P18 Internationalizing Preprocessor
Documentation
Translation Files
Translation files are used to add translations to a translation database.
The typical procedure is to generate a translation file template for a
translation from language X to language Y, have that translation file template
filled in by a translator, and then feed the translation file back to the
translation database.
A translation file template is generated using the
db export
command and fed back to the translation database using the
db import
command (see section Commands).
A translation file starts with the line
P18/translation, version 1.0
|
The version number is the file format version number, not the version number
of P18. The main purpose of the version number is to allow future versions of
P18 which might use a different format to handle old translation
files generated with previous versions of P18. However, I don't expect the
file format for translation files to change.
The body of a translation file consists of
- Ignored empty lines
Empty lines that are not part of a message text are ignored.
- Comments
Lines starting with a hash mark (#) that are not part of a
message text are ignored.

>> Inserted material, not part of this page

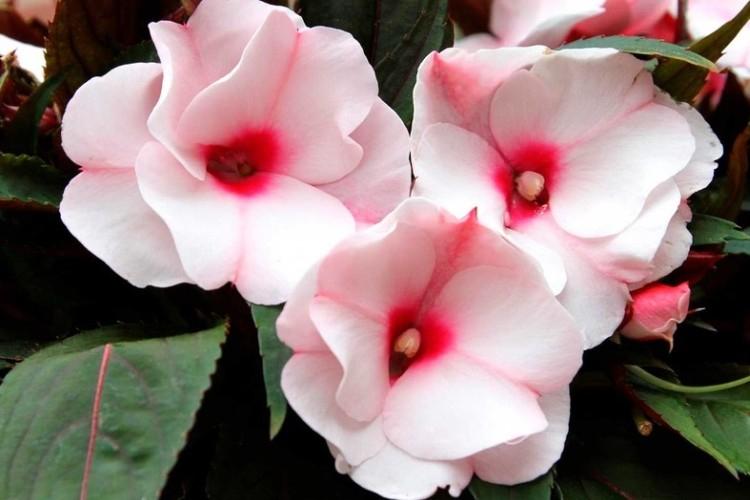 Бальзамин - фото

A line is treated as a comment if the first
non-whitespace character on the line is a hash mark.
- Assignments
Assign a value to a symbolic variable.
- Message sets
Sets of message texts of different languages.
- An optional final end marker
A line that is not part of a message set and containing only the keyword
end indicates the end of the translation file. Everyting
following the end marker is ignored.
An assignment has the form:
| Assignment: |
| |
Identifier = Value |
Where Identifier is a sequence of alpanumeric characters, hypens, and
underscores, and Value is a string constant. If Value starts
with a quoting character, it is interpreted as a string constant containing C
style character escapes; if Value does not start with a quoting
character, it is taken literally starting with the first non-whitespace
character following the = sign up to (but not including) the
following newline character.
The following identifiers are recognized:
- encoding
Set the message text encoding to the specified value. All message texts
following the assignment up to the next assignment to encoding
(or the end of the translation file) are expected to use the specified
encoding. The initial value of the encoding variable is
ISO-8859-1.
- database-UID
Specify the UID (unique identifier) of the translation database the
translation file template was generated from. All translation file
templates generated using the
db export
command contain an assignment specifying the database UID.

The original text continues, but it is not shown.